Information provided:
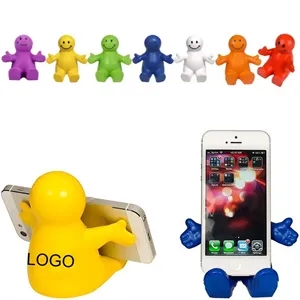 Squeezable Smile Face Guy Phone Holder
* * *
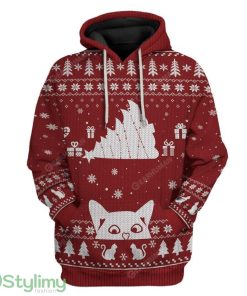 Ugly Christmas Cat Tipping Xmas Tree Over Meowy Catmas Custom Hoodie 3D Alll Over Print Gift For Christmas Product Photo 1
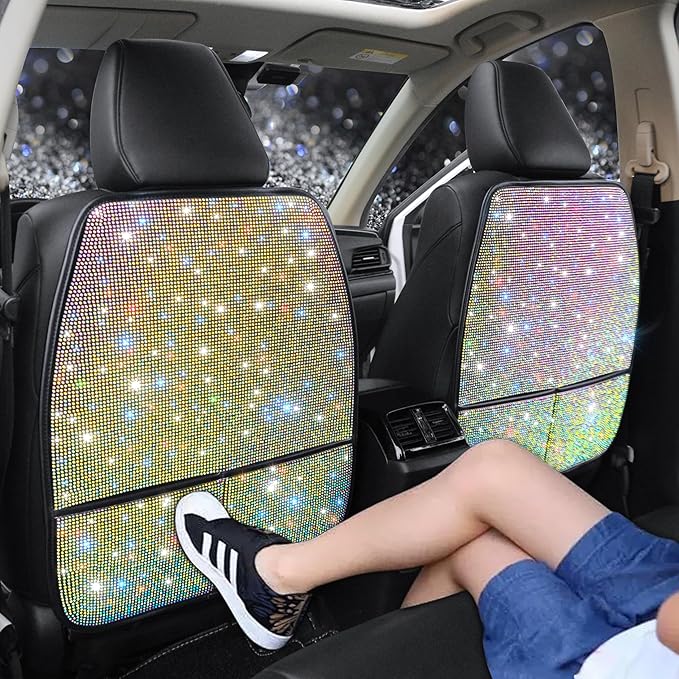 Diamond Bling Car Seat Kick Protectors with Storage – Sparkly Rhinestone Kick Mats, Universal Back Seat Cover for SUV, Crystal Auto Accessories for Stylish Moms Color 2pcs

Exercise instructions: Although the records above contain pictures, the copy should not; retype exactly the lines from the one containing "Ugly Christmas Cat" through the one containing "Diamond Bling Car".

Answer:
 Ugly Christmas Cat Tipping Xmas Tree Over Meowy Catmas Custom Hoodie 3D Alll Over Print Gift For Christmas Product Photo 1
 Diamond Bling Car Seat Kick Protectors with Storage – Sparkly Rhinestone Kick Mats, Universal Back Seat Cover for SUV, Crystal Auto Accessories for Stylish Moms Color 2pcs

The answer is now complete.